Late January in Scotland means Burns’ night. From a catering point of view, this means haggis, neeps, tatties and whisky. For those who don’t know, ‘neeps’ is the Scots term for swede – the large turnip-like vegetable that goes orange when cooked. This year, we hosted a Burns’ night supper for a few friends, but overdid it a bit with the quantity of food. I can confirm that leftover haggis is delicious in a sandwich, making a filling and decadent lunch. But what do you do with an entire (leftover, uncooked) swede?

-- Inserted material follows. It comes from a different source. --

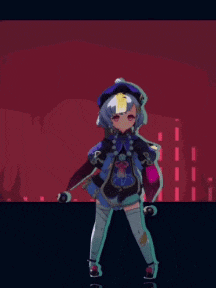 a pixel art of a girl holding a sword and a skateboard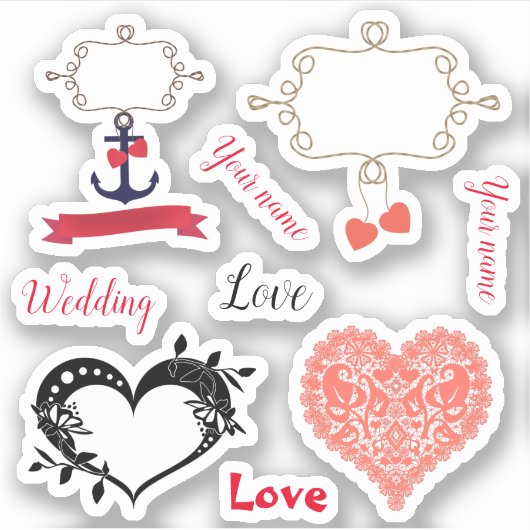 trouwensset, bruiloft, geschenk, decoratie sticker (Voorkant)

I always thought I disliked neeps, but have recently realised that it is the perfect partner for haggis. I love haggis – it is hearty, rich and heavily spiced – and the sweetness of mashed neeps provides the perfect counterpoint. When eaten on the same fork, they balance each other out beautifully. Rather than buying yet more haggis to eat with the leftover swede, I decided to turn it into a slightly spicy soup. This is essentially a variation on leek and potato soup, but the substitution of neeps for potatoes produces a bowlful of custard-coloured, creamy, spicy goodness. Perfect for lunch on a chilly Saturday.
One swede – approx 500g
Leeks – one large or two small
Vegetable or chicken stock – 1500ml
Chilli flakes – ¼ tsp, or to taste
Double cream – a couple of tablespoons
Slice the leeks and wash them in a colander. Place in a large pan.
Peel the swede carefully using a large knife – a vegetable peeler isn’t quite strong enough for the job. Chop into smallish chunks (approx 2cm dice) and add to the pan.
Add the stock to the pan with the chilli flakes, stir and bring to the boil. Cover, and allow to simmer for about 30 minutes, until the swede is tender.
Blend the soup. You will probably need to do this in two batches. Return to the pan, add the cream, reheat gently and serve.